We begin with a large skid pad designed to teach us how to avoid understeer. Basically, once you feel the nose pushing wide, you’ve got to get off the throttle, which sends the weight forward, back to your front wheels. The polar opposite of this, so to speak, is oversteer — you’ve turned way too much, and the rear end is swerving too far out. At this point, you want to steer in the opposite direction that you’re currently heading.
Do I master this portion of the exercise? Not quite. In any case, doing donuts on a sheet of ice in a Porsche 911 is a considerable thrill. At one point, I Quebec Drift my way through the skid pad — or at least it feels like I do. We’re told the secret to drifting on snow in a Porsche is not constantly steering — in fact, it’s hardly steering at all. So advanced are the stability control systems in these machines that drifting is left all to throttle modulation.

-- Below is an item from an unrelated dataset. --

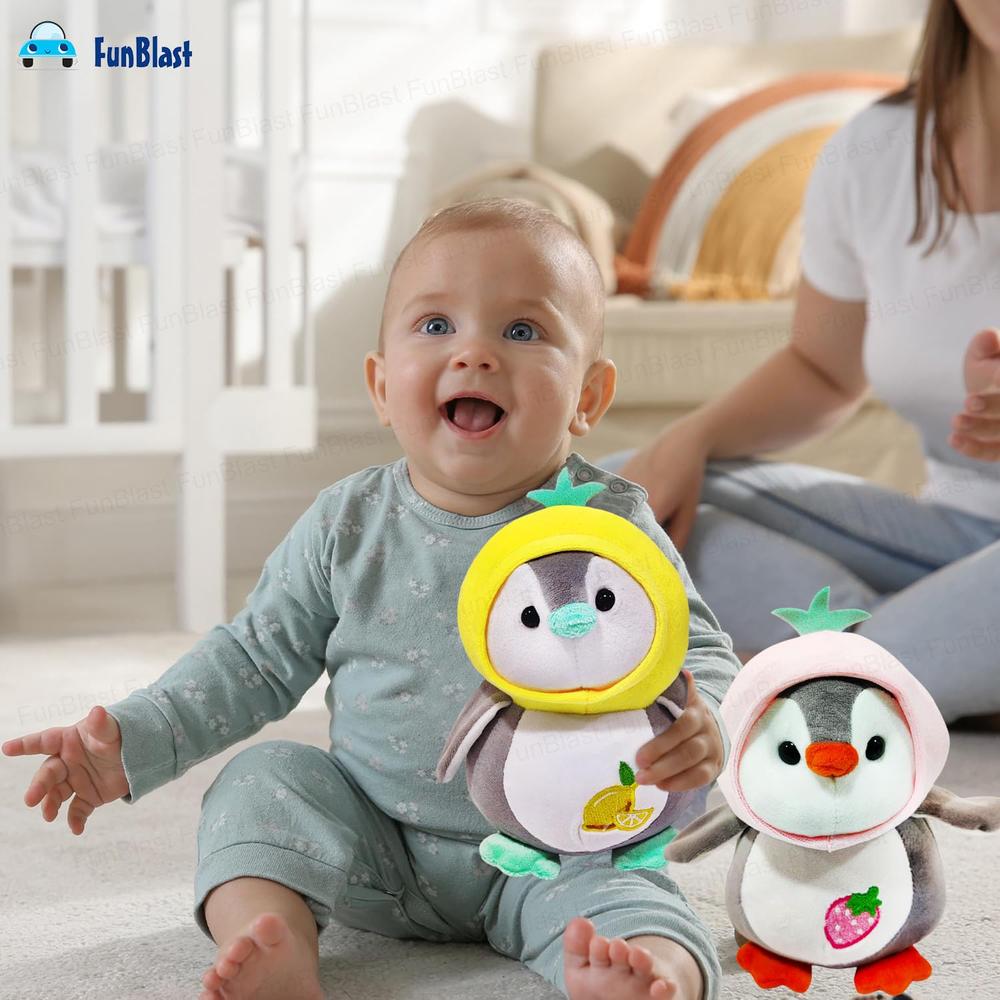 FunBlast Fruity Penguin Soft Toy | Fluffy Stuffed Plush Toy for Kids | Cute Huggable Penguin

At another point, we tackle a slalom course designed to help drivers understand side-to-side vehicle dynamics. Here it’s all about transferring weight forwards, so the car can rotate smoothly through the turn. When approaching a turn, I’m told to lift off the throttle, turn the wheel, and hit the brakes. Do I crush a few pylons? Absolutely. But after a couple tries, and some careful coaching over my walkie-talkie, I’m slithering through turns like I’m motherfucking Batman. (I’m pretty sure he takes the Batmobile on ice at some point during Batman & Robin.) [Editor’s note: He does, or some version of it, anyhow.]
The grand finale of the day is an open course — essentially, an adult version of one of the snow levels in Mario Kart. Here we’re able to put everything we’ve learned into practice. There are some hills and hairpins and some instructors pumping you up trackside. It’s exhilarating. A couple drivers pirouette into snowbanks, and I can proudly say I wasn’t one of them. Maybe I actually learned something today! Or maybe the truth is you’ve got to try pretty damn hard to spin-out a 911. (Although turning off the stability management will get you there faster). Say what you will about how unparalleled your favourite Italian supercar is on a racetrack — perhaps the true test of a machine is how it performs in the most treacherous of conditions.
And the true test of a driver is whether he can steer out of a skid without shedding a tear.